Chapter 52
AN ACT
HB 2281
Relating to public employee retirement; amending ORS 238.105, 238.115,
238.265, 238.440, 238A.120 and 238A.375.
Be It Enacted by the People of
the State of
SECTION 1. ORS 238.265 is amended to read:
238.265. (1) Except as
otherwise provided in this section, a member of the Public Employees Retirement
System may withdraw from the Public Employees Retirement Fund the amount
credited to the member account, if any, for the member if:
(a) The member is separated
from all service with participating public employers;
(b) The member is
separated from all service with employers who are treated as part of a
participating public employer’s controlled group under the federal laws and
rules governing the status of the system and the fund as a qualified
governmental retirement plan and trust;
(c) The member has not
attained earliest service retirement age; and
(d) The separation from
service is not by reason of death or disability.
(2) If a member wishes
to withdraw the member account, if any, of the member under this section, the
member must transmit to the Public Employees Retirement Board a withdrawal
request. The board shall deny the withdrawal, or shall take all reasonable
steps to recover withdrawn amounts, if:
(a) The board determines
that the separation is not a bona fide separation; or
(b) The member fails to
remain absent from the service of all employers described in subsection (1) of
this section for at least one calendar month following the month in which the
member separates from service.
(3) If a member has
contributed to the fund in each of five calendar years and has separated from
all service in the manner described in subsection (1) of this section before
reaching earliest service retirement age, the member may elect to withdraw the
member account of the member under this section at any time before reaching
earliest service retirement age. If the inactive member does not make an
election to withdraw under this section, the member shall be paid the benefits
or retirement allowances described in ORS 238.425.
(4) A member who is
vested in the pension program established under ORS chapter 238A and who is
eligible to withdraw from the pension program under ORS 238A.120 may withdraw a
member account under this section only if the member also withdraws from the
pension program. A member who has an individual account or accounts in the
individual account program established under ORS chapter 238A may withdraw a
member account under this section only if the member also withdraws all
individual accounts pursuant to ORS 238A.375. A member who has an account
established under ORS 238.440 may withdraw a member account under this section
only if the member also withdraws the account established under ORS 238.440.

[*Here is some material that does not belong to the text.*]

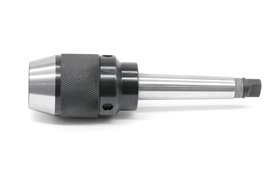 Uchwyt wiertarski bezkluczykowy samozaciskowy 0,5 - 10MM | zintegrowany z trzpieniem | gwint | płetwa wkręcana w zestawie - Morse MK2 - DARMET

[(4)] (5) Withdrawal of a member account under this section
cancels all membership rights in the system, including the right to claim
credit for any employment before withdrawal.
SECTION 2. ORS 238A.120 is amended to read:
238A.120. (1) A vested inactive
member may withdraw from the pension program if:
(a) The actuarial
equivalent of the member’s benefit under the pension program at the time of
withdrawal is $5,000 or less; and
(b) The inactive member
has separated from all service with participating public employers and with
employers who are treated as part of a participating public employer’s
controlled group under the federal laws and rules governing the status of the
system and the fund as a qualified governmental retirement plan and trust.
(2) Upon withdrawal
under this section, the Public Employees Retirement Board shall pay the
withdrawing member the actuarial equivalent of the member’s benefit in a lump
sum.
(3) If a vested inactive
member withdraws from the pension program under this section and is thereafter
reemployed by a participating public employer:
(a) The person may
reestablish membership in the pension program only for the purpose of service
performed after the person is reemployed; and
(b) Any service
performed before the withdrawal may not be credited toward the period of
service required by ORS 238A.100 or 238A.115 or toward the accrual of
retirement credit under ORS 238A.140, 238A.150 or 238A.155.
(4) A member who has
an individual account or accounts in the individual account program established
under ORS 238A.025 may withdraw from the pension program under this section
only if the member also withdraws all individual accounts pursuant to ORS
238A.375. A member who has a member account established under ORS chapter 238 may
withdraw from the pension program under this section only if the member also
withdraws that member account in the manner provided by ORS 238.265. A member
who has an account established under ORS 238.440 may withdraw from the pension
program under this section only if the member also withdraws the account
established under ORS 238.440.
[(4)] (5) For the purposes of this
section, the actuarial equivalent of a member’s benefit does not include any
value attributable to adjustments to the benefit under ORS 238A.210.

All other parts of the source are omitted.